What is needed
Take the records below from their first line through the line holding "Slow Motion Full", and set each of those lines down exactly, without pictures.
'''
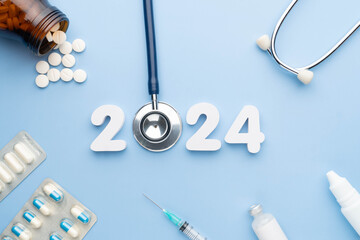 2024 Happy New Year banner for health care and medical concept. Stethoscope with doctor pills, syringe, vaccine vial, eyes drop, antibiotics and white number 2024 on table blue background. - obrazy, fototapety, plakaty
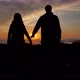Slow Motion Full Size Couple Joining Hands Together with Sunlight in Background - VideoHive Item for Sale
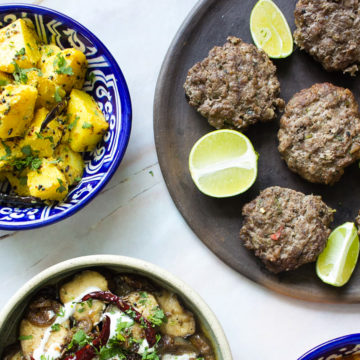 ground beef kebabs with gujarati style potatoes, and eggplant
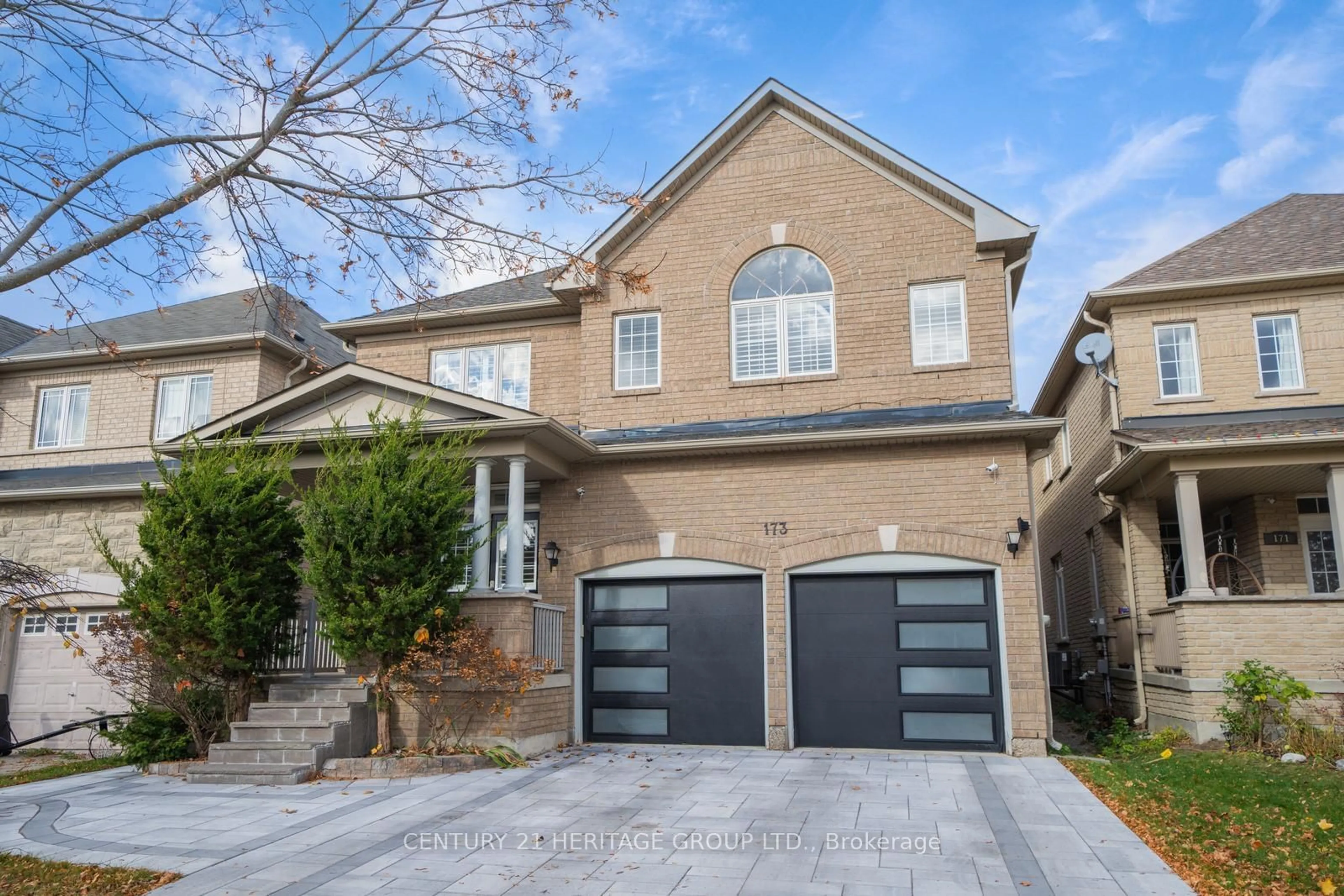 Home with brick exterior material, street for 173 Wainscot Ave, Newmarket Ontario L3X 2X4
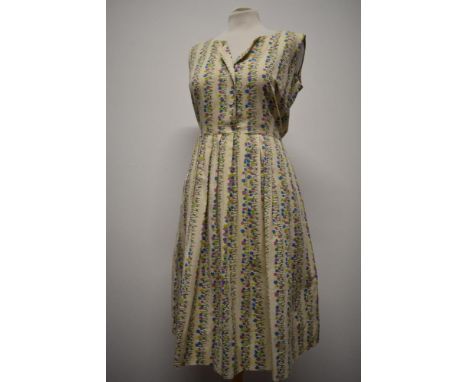 A 1950s medium weight floral cotton day dress having pleated skirt, button front and side press stud fastening, medium size.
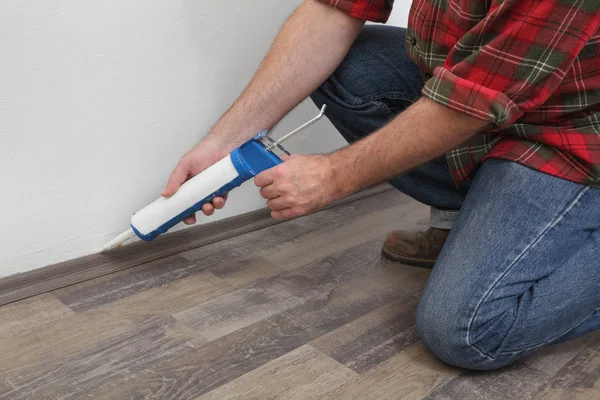Home renovation, worker caulking batten with silicone — Stock Photo, Image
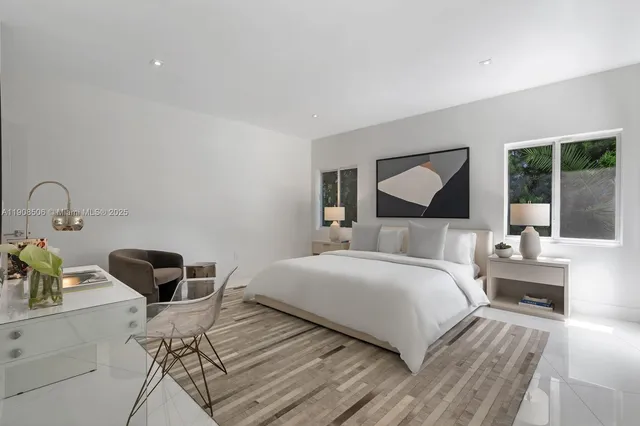 a bathroom with a bathtub and a sink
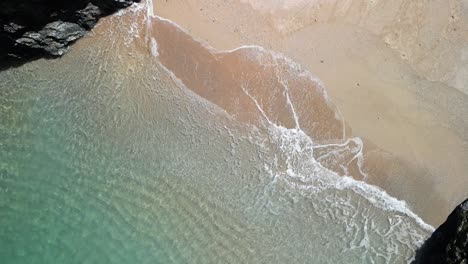 Cornish-Cove-in-Slow-Motion-with-Turquoise-Waves-Rolling-Over-a-Beach,-Aerial-Ascending-Drone,-UK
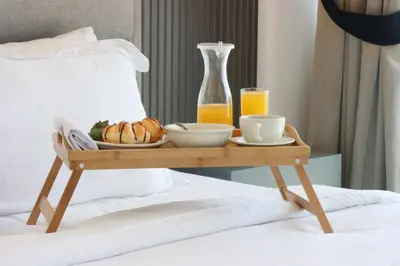 a tray of food on a bed with a breakfast on it at Livbnb Beachfront 2BR in Address JBR Sea & Ain Dubai Views in Dubai
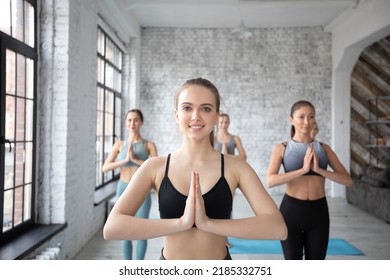 Group Of Sporty Women Doing Yoga Exercises In Gym Prayer Position Beautiful Slim Girls Wearing Sportswear Posing At Grey Fitness Center Wall Background.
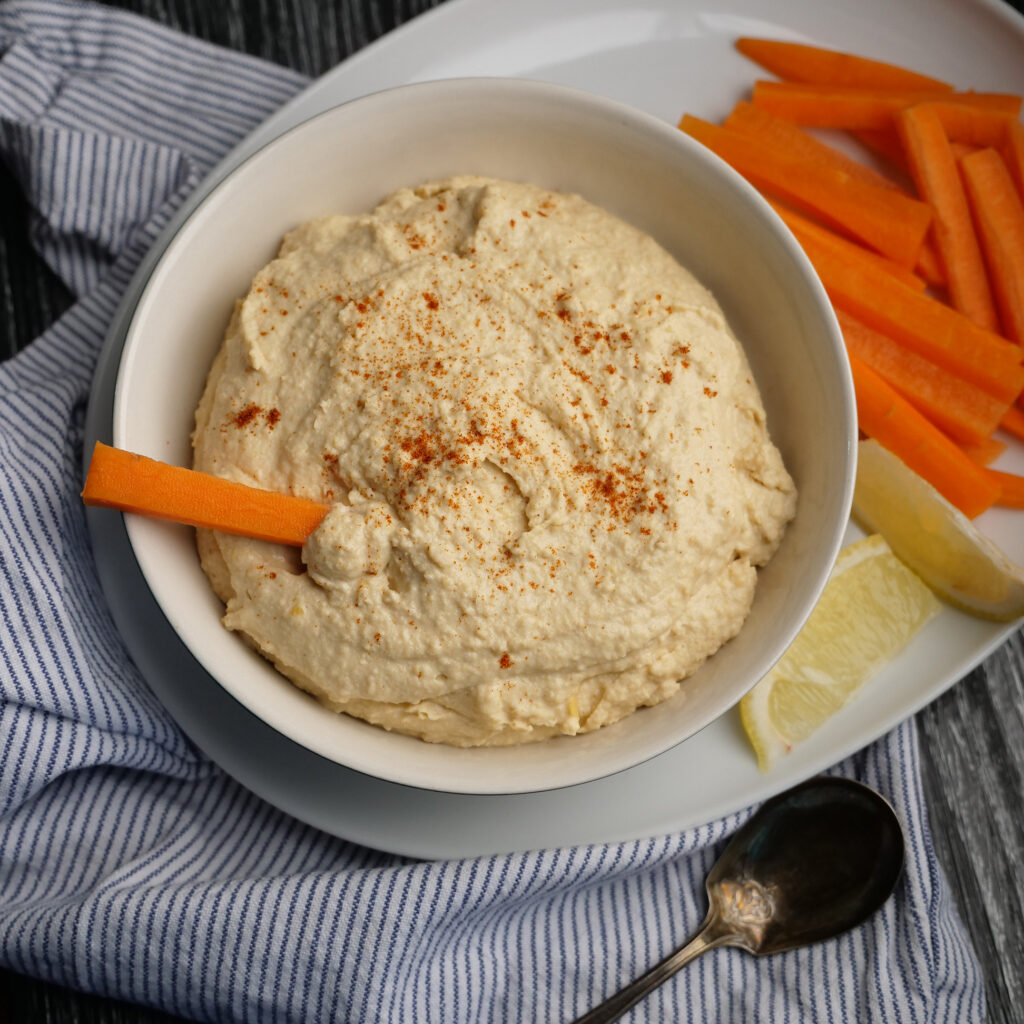 A bowl full of hummus, with carrots and lemon wedges adjacent.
'''
Your solution
 2024 Happy New Year banner for health care and medical concept. Stethoscope with doctor pills, syringe, vaccine vial, eyes drop, antibiotics and white number 2024 on table blue background. - obrazy, fototapety, plakaty
Slow Motion Full Size Couple Joining Hands Together with Sunlight in Background - VideoHive Item for Sale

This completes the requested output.